#### WORKING DATA

= = = =

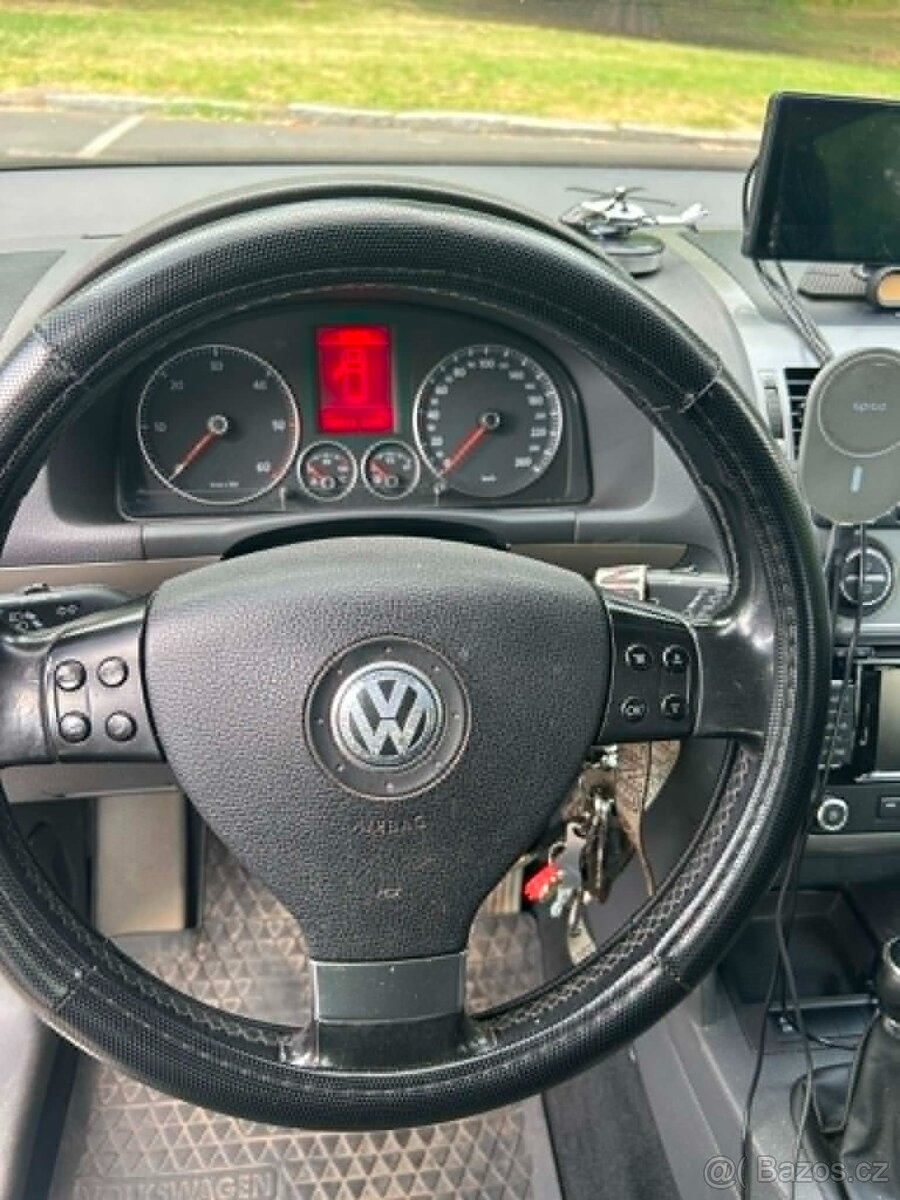Volkswagen Touran - 2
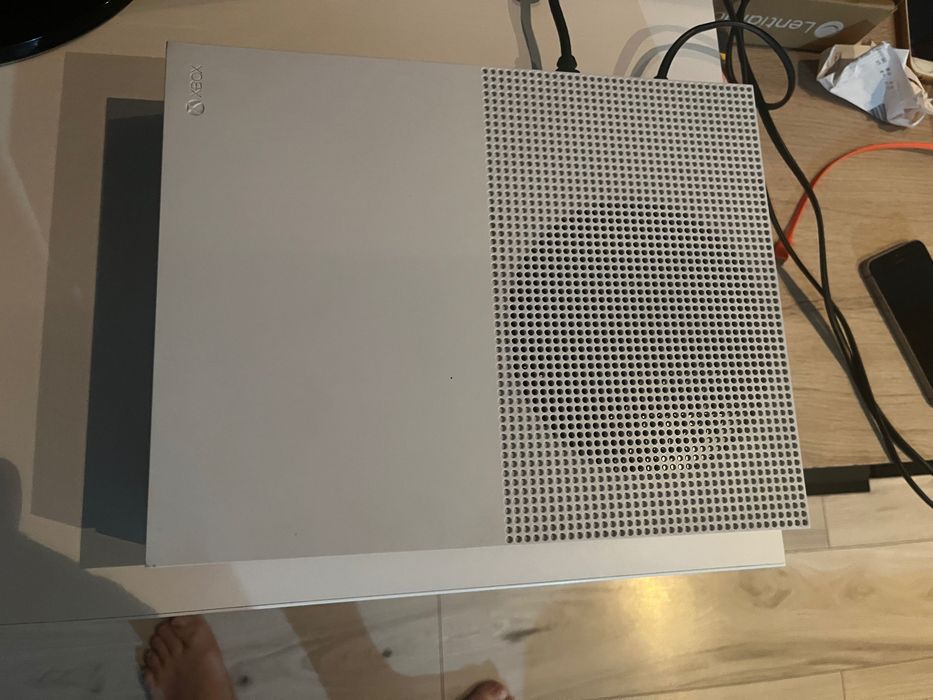 XBOX ONE S stare impecabilă + Forza Horizon 4 joc exclusiv + Monitor Samsung + 2 manete
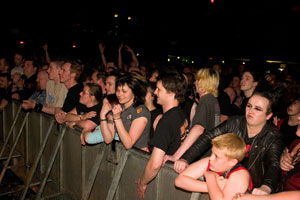 New Model Army Crowd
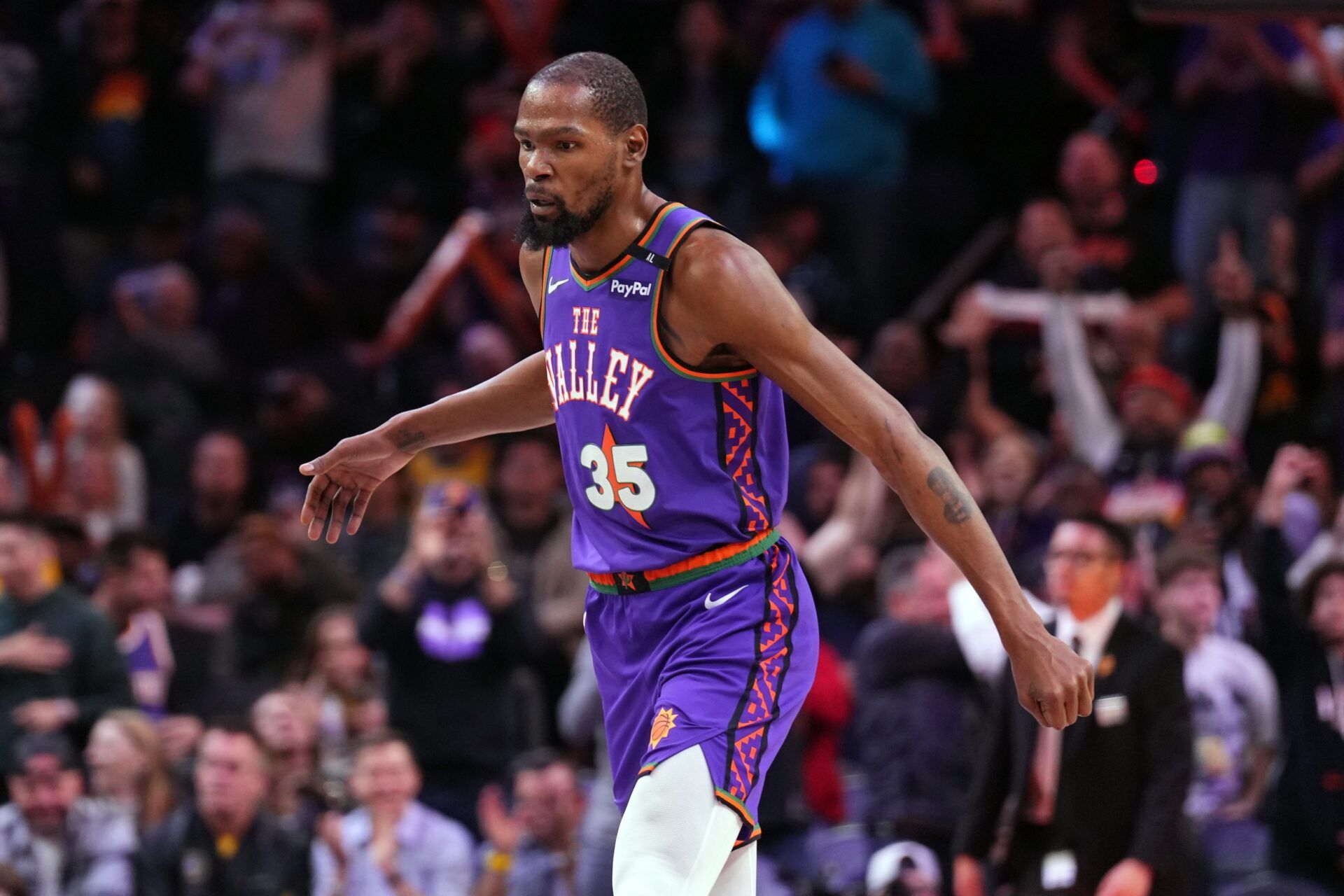 Phoenix Suns forward Kevin Durant (35) reacts against the LA Clippers during the second half at PHX Center.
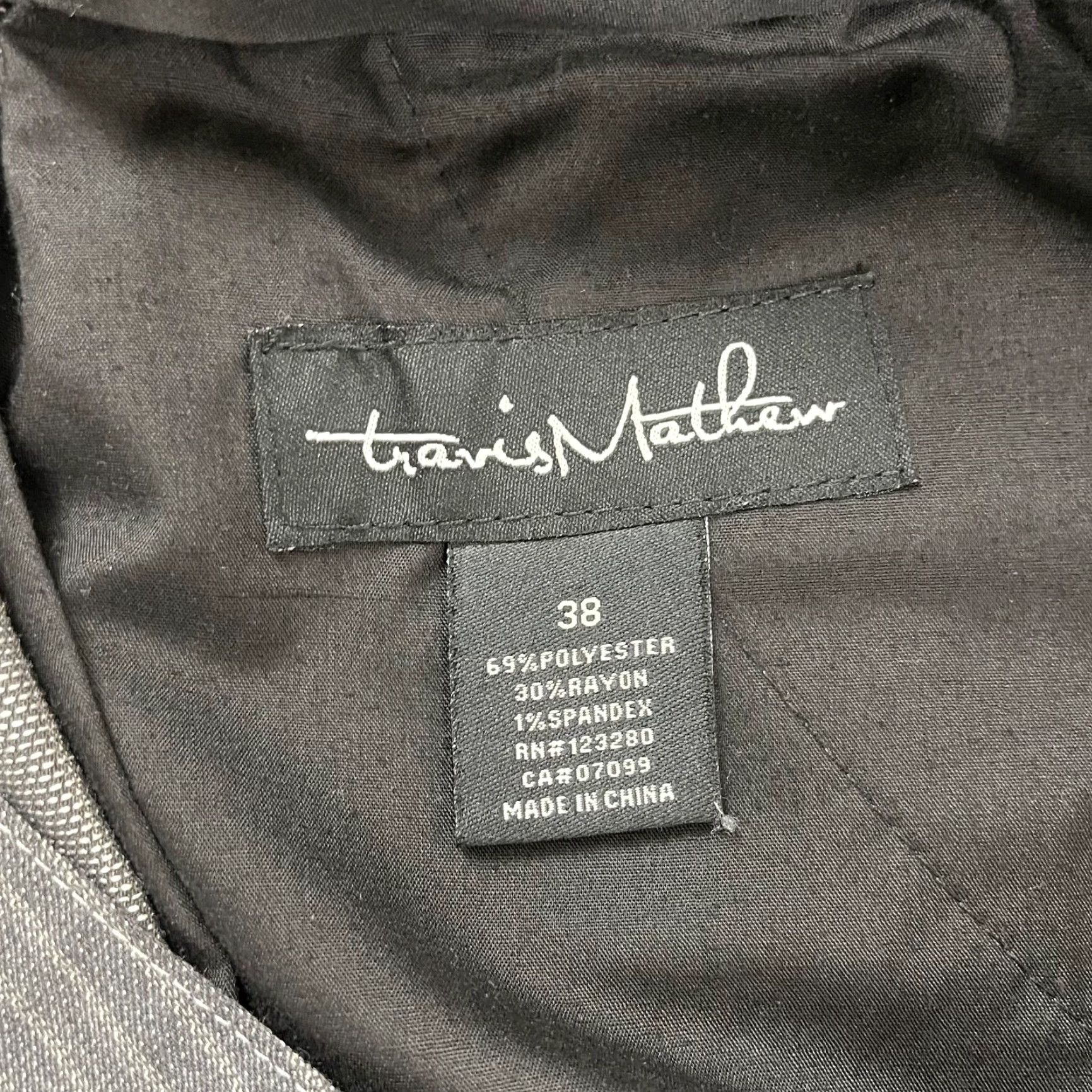 TravisMathew TRAVIS MATHEW Shorts Mens Size 38 x 10.5" Gray Striped Golf Khakis Casual Blend Shirt? Size US 38 / EU 54 - 4 Thumbnail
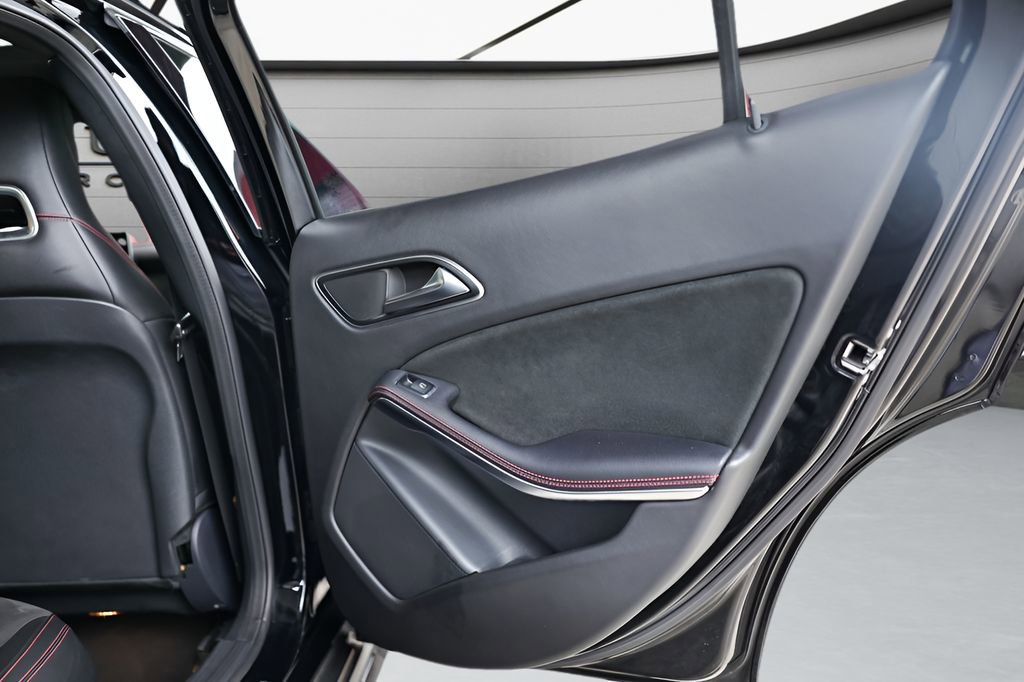 Used 2018 Mercedes-Benz GLA 45 AMG 4MATIC image 56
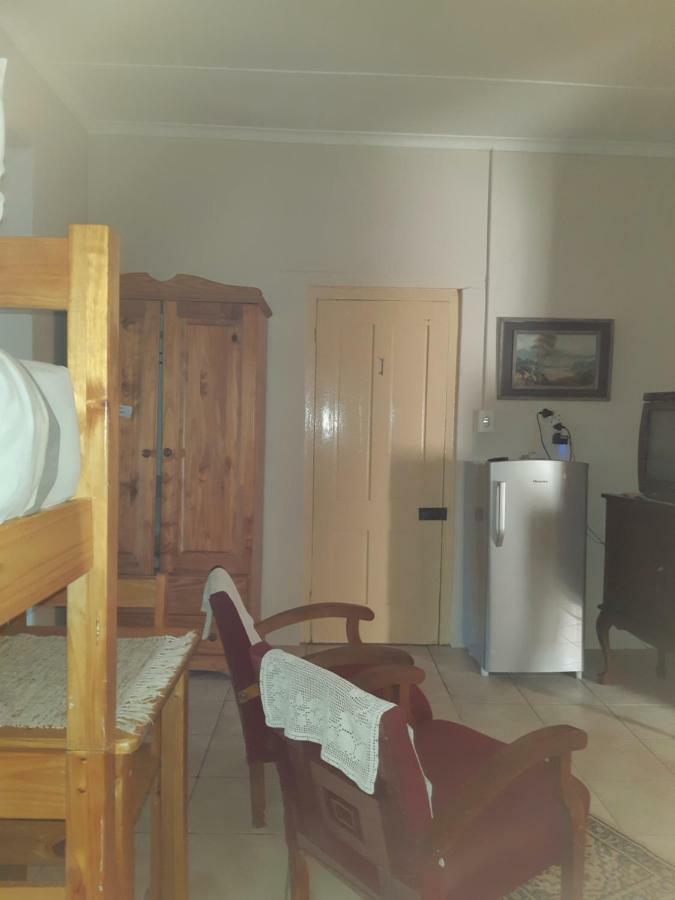 Sutherland Guest House ภายนอก รูปภาพ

= = = =

Quote the records above exactly, from the first line through the line containing "Phoenix Suns forward", and leave out the pictures.

#### RESPONSE TO THIS EXERCISE
Volkswagen Touran - 2
 XBOX ONE S stare impecabilă + Forza Horizon 4 joc exclusiv + Monitor Samsung + 2 manete
 New Model Army Crowd
 Phoenix Suns forward Kevin Durant (35) reacts against the LA Clippers during the second half at PHX Center.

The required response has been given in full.